Era novembro de 2014. Primeiro fim de semana. Plena campanha da Dilma. Fim de tarde na RPPN dele, a Linda Serra dos Topázios. Jaime e eu começamos a conversar sobre a falta que fazia termos acesso a um veículo independente e democrático de informação.

Resolvemos fundar o nosso. Um espaço não comercial, de resistência. Mais um trabalho de militância, voluntário, por suposto. Jaime propôs um jornal; eu, uma revista. O nome eu escolhi (ele queria Bacurau). Dividimos as tarefas. A capa ficou com ele, a linha editorial também.

Correr atrás da grana ficou por minha conta. A paleta de cores, depois de larga prosa, Jaime fechou questão – “nossas cores vão ser o vermelho e o amarelo, porque revista tem que ter cor de luta, cor vibrante” (eu queria verde-floresta). Na paz, acabei enfiando um branco.

Fizemos a primeira edição da Xapuri lá mesmo, na Reserva, em uma noite. Optamos por centrar na pauta socioambiental. Nossa primeira capa foi sobre os povos indígenas isolados do Acre: ‘Isolados, Bravos, Livres: Um Brasil Indígena por Conhecer”. Depois de tudo pronto, Jaime inventou de fazer uma outra boneca, “porque toda revista tem que ter número zero”.

Dessa vez finquei pé, ficamos com a capa indígena. Voltei pra Brasília com a boneca praticamente pronta e com a missão de dar um jeito de imprimir. Nos dias seguintes, o Jaime veio pra Formosa, pra convencer minha irmã Lúcia a revisar a revista, “de grátis”. Com a primeira revista impressa, a próxima tarefa foi montar o Conselho Editorial.

Jaime fez questão de visitar, explicar o projeto e convidar pessoalmente cada conselheiro e cada conselheira (até a doença agravar, nos seus últimos meses de vida, nunca abriu mão dessa tarefa). Daqui rumamos pra Goiânia, para convidar o arqueólogo Altair Sales Barbosa, nosso primeiro conselheiro. “O mais sabido de nóis,” segundo o Jaime.

Trilhamos uma linda jornada. Em 80 meses, Jaime fez questão de decidir, mensalmente, o tema da capa e, quase sempre, escrever ele mesmo. Às vezes, ligava pra falar da ótima ideia que teve, às vezes sumia e, no dia certo, lá vinha o texto pronto, impecável.

Na sexta-feira, 9 de julho, quando preparávamos a Xapuri 81, pela primeira vez em sete anos, ele me pediu para cuidar de tudo. Foi uma conversa triste, ele estava agoniado com os rumos da doença e com a tragédia que o Brasil enfrentava. Não falamos em morte, mas eu sabia que era o fim.

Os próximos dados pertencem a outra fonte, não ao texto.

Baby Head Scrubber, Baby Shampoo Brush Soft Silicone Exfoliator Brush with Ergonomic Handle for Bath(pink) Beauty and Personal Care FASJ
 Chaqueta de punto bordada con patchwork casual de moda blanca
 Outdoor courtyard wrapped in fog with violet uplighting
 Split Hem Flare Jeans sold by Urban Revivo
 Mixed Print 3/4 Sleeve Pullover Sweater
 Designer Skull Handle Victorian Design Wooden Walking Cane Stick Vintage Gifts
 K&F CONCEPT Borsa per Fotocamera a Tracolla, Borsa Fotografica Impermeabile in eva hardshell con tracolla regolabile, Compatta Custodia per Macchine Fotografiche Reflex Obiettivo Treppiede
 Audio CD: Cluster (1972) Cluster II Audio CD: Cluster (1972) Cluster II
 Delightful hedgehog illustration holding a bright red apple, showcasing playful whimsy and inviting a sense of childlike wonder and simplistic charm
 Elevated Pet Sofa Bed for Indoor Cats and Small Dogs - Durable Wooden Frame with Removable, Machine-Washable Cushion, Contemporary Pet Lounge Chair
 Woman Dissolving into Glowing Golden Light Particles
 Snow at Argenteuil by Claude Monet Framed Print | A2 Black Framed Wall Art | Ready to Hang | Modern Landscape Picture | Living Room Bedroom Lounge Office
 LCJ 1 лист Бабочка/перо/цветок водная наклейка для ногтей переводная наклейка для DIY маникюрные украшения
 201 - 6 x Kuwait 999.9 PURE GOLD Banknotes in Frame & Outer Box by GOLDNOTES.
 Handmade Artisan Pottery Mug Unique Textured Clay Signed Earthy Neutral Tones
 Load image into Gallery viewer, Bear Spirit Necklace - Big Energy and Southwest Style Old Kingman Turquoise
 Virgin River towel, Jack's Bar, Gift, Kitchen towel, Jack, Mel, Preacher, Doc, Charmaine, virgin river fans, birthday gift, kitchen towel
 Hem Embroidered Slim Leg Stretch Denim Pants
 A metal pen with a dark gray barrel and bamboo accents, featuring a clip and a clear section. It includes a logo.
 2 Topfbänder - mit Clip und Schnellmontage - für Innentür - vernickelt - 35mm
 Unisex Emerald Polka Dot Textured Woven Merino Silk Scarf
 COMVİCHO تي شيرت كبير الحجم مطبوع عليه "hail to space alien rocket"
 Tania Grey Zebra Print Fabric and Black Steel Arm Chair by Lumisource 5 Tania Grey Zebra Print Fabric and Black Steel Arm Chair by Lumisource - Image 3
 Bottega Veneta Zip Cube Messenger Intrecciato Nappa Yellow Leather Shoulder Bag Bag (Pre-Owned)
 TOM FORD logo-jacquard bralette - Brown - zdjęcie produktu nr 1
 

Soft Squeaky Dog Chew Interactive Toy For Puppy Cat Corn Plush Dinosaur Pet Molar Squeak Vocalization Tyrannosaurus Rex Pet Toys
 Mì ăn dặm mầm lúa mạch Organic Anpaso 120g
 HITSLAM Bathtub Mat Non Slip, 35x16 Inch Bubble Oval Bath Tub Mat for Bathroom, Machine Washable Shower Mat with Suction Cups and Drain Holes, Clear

Hoje, cá estamos nós, sem as capas do Jaime, sem as pautas do Jaime, sem o linguajar do Jaime, sem o jaimês da Xapuri, mas na labuta, firmes na resistência. Mês sim, mês sim de novo, como você sonhava, Jaiminho, carcamos porva e, enfim, chegamos à nossa edição número 100. E, depois da Xapuri 100, como era desejo seu, a gente segue esperneando.

Fica tranquilo, camarada, que por aqui tá tudo direitim.